[Data block]
══════
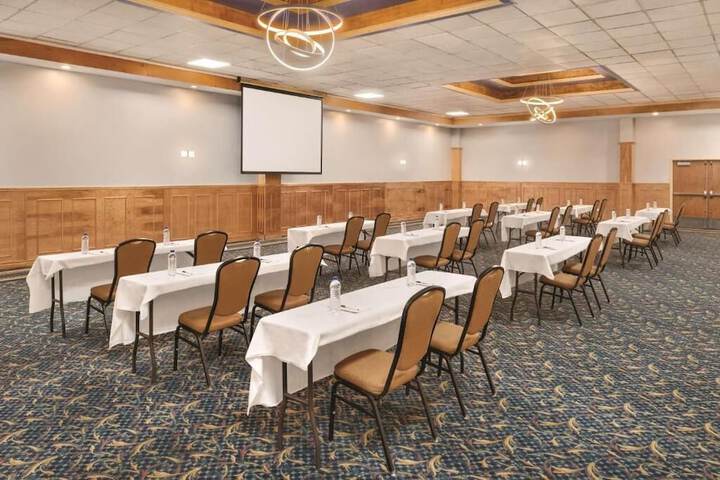 Wyndham Garden Conference Center Champaign / Urbana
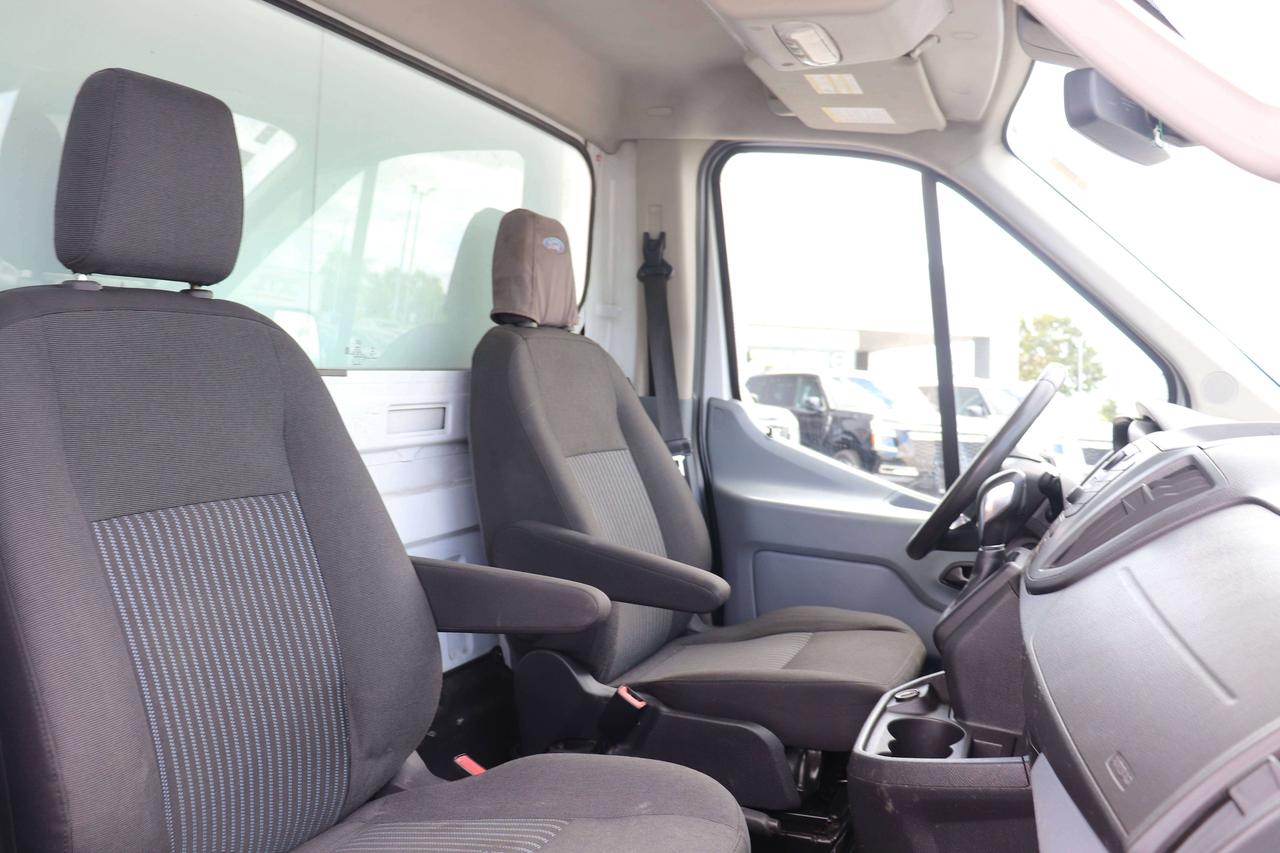 2019 Ford Transit T-350 COMMERCIAL BOX TRUCK CLEAN CARFAX CERTIFIED Photo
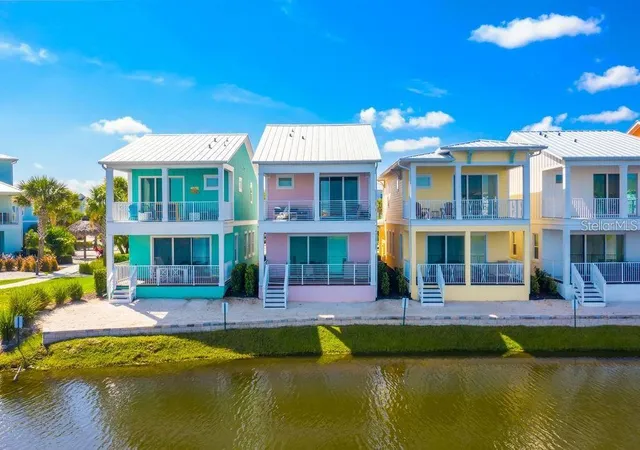 Photo 3 of Single family home for sale at 8117 Surf St, Kissimmee, FL 34747 | MLS# O6421843 | Listing updated on 2026-07-16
══════
[The task] Leave out the pictures, and retype exactly the lines from the one containing "2019 Ford Transit" through the final line of the data.

[Written response]
 2019 Ford Transit T-350 COMMERCIAL BOX TRUCK CLEAN CARFAX CERTIFIED Photo
 Photo 3 of Single family home for sale at 8117 Surf St, Kissimmee, FL 34747 | MLS# O6421843 | Listing updated on 2026-07-16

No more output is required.